Monday, August 25, 2014, 8:16 AM - Radar had its birth in 1886 when Heinrich Hertz demonstrated that radio waves would reflect off of solid objects. 

As usual, war - specifically, the Second World War - spurred forward the development of Radio Detection and Ranging ('Radar' is just an acronym).  

Simply, radar works by sending a signal from a station in a certain direction. The signal will bounce back towards the station if it encounters a solid object. 

Over time we have been able to adjust the strength of our outgoing signals and the sensitivity of our receiver to enable modern day radar to tell us how solid the object is (rain, snow, ice or mountain) and in what direction the object is moving. All very helpful in weather forecasting. 

In aviation, radar is used to track aircraft movement both on ground and in the air. But, behind there’s also a radar behind the round front nose cone of most every aircraft.
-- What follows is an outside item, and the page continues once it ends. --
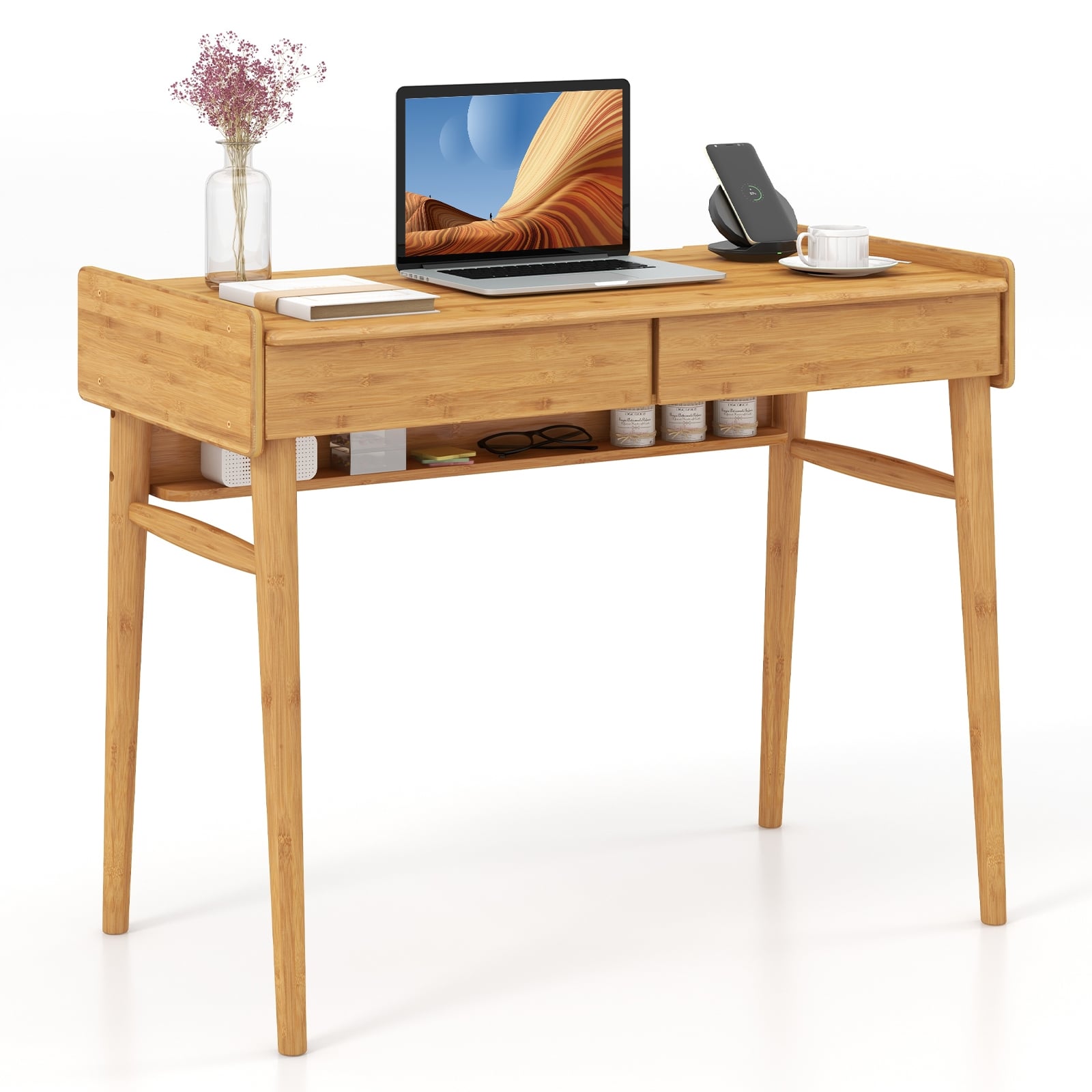 Bamboo Writing Desk, 2 Storage Drawers, Open Shelf, Natural Writing Desks at Gallery Canada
This helps pilots find other aircraft and, of course, avoid nasty weather and 'granite clouds.'

Great strides have been made in aviation radar in the past 20 years. Pilots can adjust the angle of their radar to inspect the height of clouds ahead and even abeam their planes. They can also look ahead up to several hundred kilometers, allowing themselves the option of avoiding developing weather altogether. 

Under development right now is Lidar. This uses lasers rather than radio waves to detect movement in molecules. 

When we can track movement on that small a scale we will then be able to see areas of turbulent air long before we fly into it.  

There are also developments aimed at making radar become predictive. In essence, it will model what a storm cloud will likely do by the time the aircraft is projected to be near it. That way, aviators can plan their storm avoidance long before they actually near threatening weather.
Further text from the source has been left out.